Mary Lev La fille du désert Chapitre 13.3

Chapitre 13.3

— Tu as exigé de t’arrêter à Loth pour préparer la traversée des montagnes, dit la Reine. Quel manque de clairvoyance de ta part ! De toute évidence, cette escale ne t’a permis que de te remémorer tes doux souvenirs d’enfance. Que n’en as-tu pas profité pour mieux préparer la traversée des montagnes ! Les pertes n’auraient pas été si grandes. Elles ne sont que le reflet de ton incompétence.


—Majesté, précisa Luther, nous avons aussi essuyé une attaque de vagabonds dans la forêt, ce n’est pas …


—C’est ton devoir le plus élémentaire que d’assurer la sécurité des routes royales, coupa la Reine. Ces vagabonds n’auraient jamais du se trouver la.


Luther ne répondit rien. La Reine poussa un profond soupir avant de lâcher d’un ton résigné :


—Que de tâches il te reste à accomplir, mon fils, pour enfin devenir digne de ton rang !


Il sentit ses hommes s’agiter à côté de lui. Mais Luther ne ressentait rien. L’habituelle colère qui grondait dans sa poitrine s’était éteinte.

— Pardonnez-moi, votre Majesté, dit-il d’un ton monocorde. J’ai fait preuve d’une erreur de jugement. Je dois cependant vous informer de quelque chose. Votre frère Déménor est malheureusement décédé…


Sa voix se brisa malgré lui, et il se tut. Il ne put s’empêcher de lever les yeux pour observer la réaction de Volande à cette nouvelle. Il la vit pincer les lèvres, et un éclat passer dans ses yeux. Ce n’était pas du chagrin. Plutôt une forme de soulagement.


Réalise-t-elle qu’il m’a transmis son secret avant de mourir ? songea Luther dans un éclair d’angoisse.


Il la vit ensuite se tourner vers Tiago. Son visage se métamorphosa. Ses traits semblaient s’arrondir, se gonfler d’amour, et ses yeux étincelèrent d’un instinct de protection si intense que Luther ne put s’empêcher de ressentir une pointe de jalousie.

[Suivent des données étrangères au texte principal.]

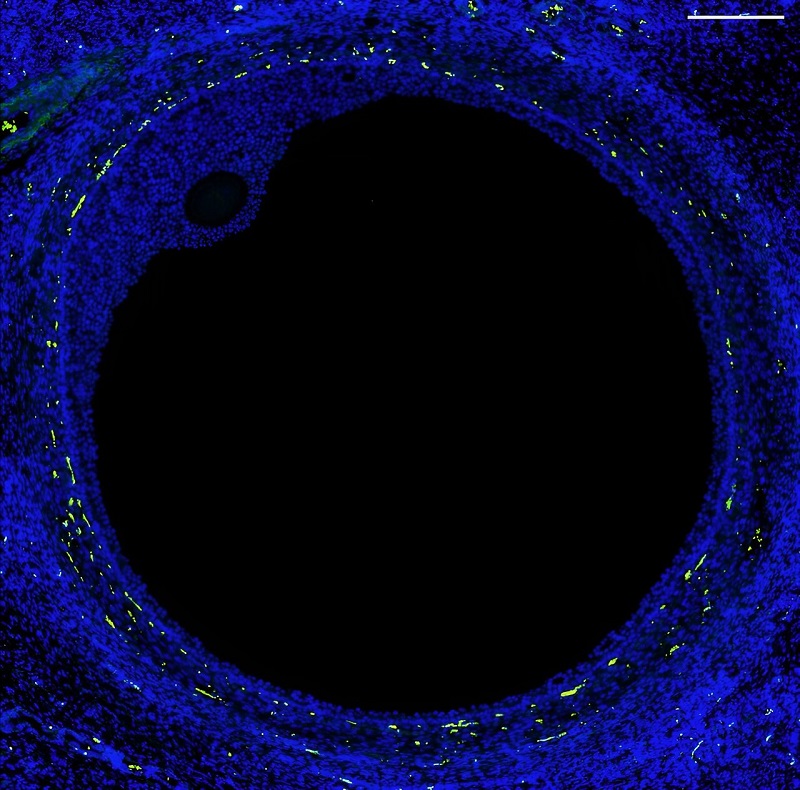 细胞级分辨率人类卵巢图谱发布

— Mon cher frère… Que Dieu ait son âme et le garde en paix auprès de Lui. Loren soit loué, le prince est désormais de retour sain et sauf. J’imagine que c’est le principal. Que tes hommes se retirent à présent.


Lorsque les officiers s’éloignèrent, Luther voulut leur emboiter le pas. Les retrouvailles avaient été plus chaleureuses qu’il ne l’avait escompté. Mais un garde lui barra la route. Il croisa son visage aux traits taillés à la serpe et à l’expression fermée. Il porta la main à son épée par réflexe, tandis que la voix de la reine résonnait derrière lui.


— Luther ! Encore un mot. Laissez-nous seuls !


Les gardes obéirent et quittèrent la pièce sans un mot. Luther rebroussa chemin et cacha le léger tremblement de ses mains en les croisant derrière son dos. Sa mère le toisa avec une froideur non dissimulée.


— Tiago m’a fait part de ta volonté de t’approprier trois captifs.


Son cœur manqua un battement. Il fit de son mieux pour maintenir un ton indifférent pour répondre :


— Ces captifs sont ma part du butin. Tiago était parfaitement d’accord…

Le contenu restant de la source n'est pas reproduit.